This article was originally published by Diacritik on 1 May 2023.
Many bad things are being said about Macron in connection with the forced passage of the pension reform. He is said to be egotistical, arrogant and anything but clever. People forget that he is the man for the job, whose historical function today is to pursue a project that goes beyond just him. We need to get away from a petty ‘psychological’ analysis and consider objectively a policy which, although brutal and sometimes tragically irrational, nevertheless has a precise meaning in the history of our societies. The personal and even sociological characteristics of an individual obviously count, but only in having made Macron this warlord whom people admire or detest. The hatred, even rage, that he inspires in many people is explained by understanding the reasons behind his actions and the effects that they have. Of course, Macron is not Napoleon, nor Putin either. This war does not mobilise planes or tanks; it is muted, diffuse, long term, both political and policing, ideological and budgetary, parliamentary, and fiscal.
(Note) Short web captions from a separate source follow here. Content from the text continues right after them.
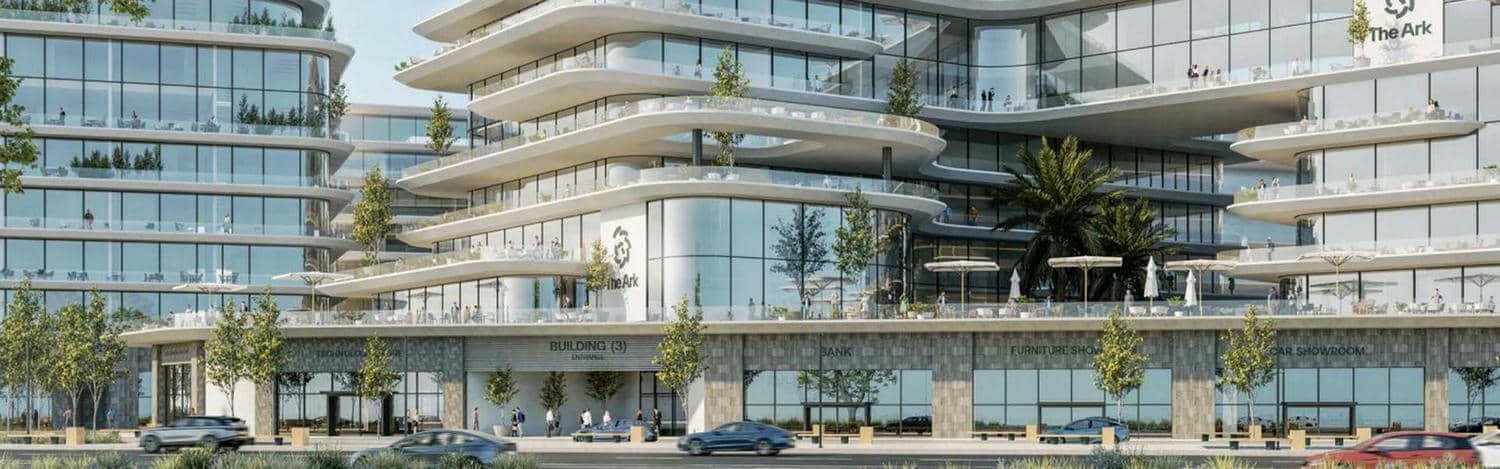 The Ark Business District | Phase 1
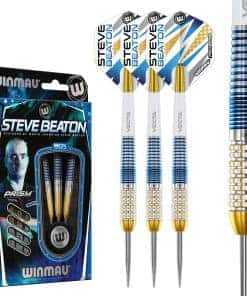 Dardos Winmau - Jugador Profesional - Edición Legacy de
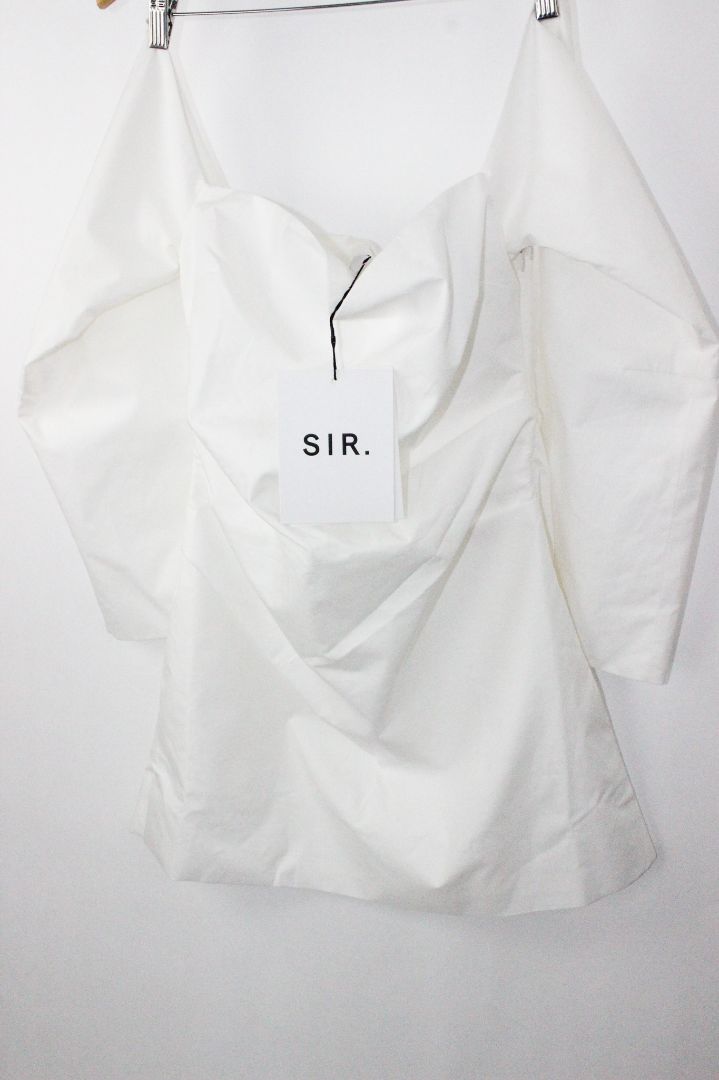 MINI DRESS, SIR, 14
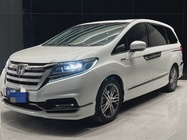 Honda Elysion 2019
It is not directed against an external enemy, it targets the population, and deliberately its poorest part, those doing menial jobs and the hardest work. It weakens, distorts and destroys, whenever circumstances and the balance of power allow, everything that could oppose its great project of a ‘fluid society’, ideally made up of innovative entrepreneurs, young people dreaming of billions and a mass of individuals who have only themselves to rely on in surviving amidst generalised competition.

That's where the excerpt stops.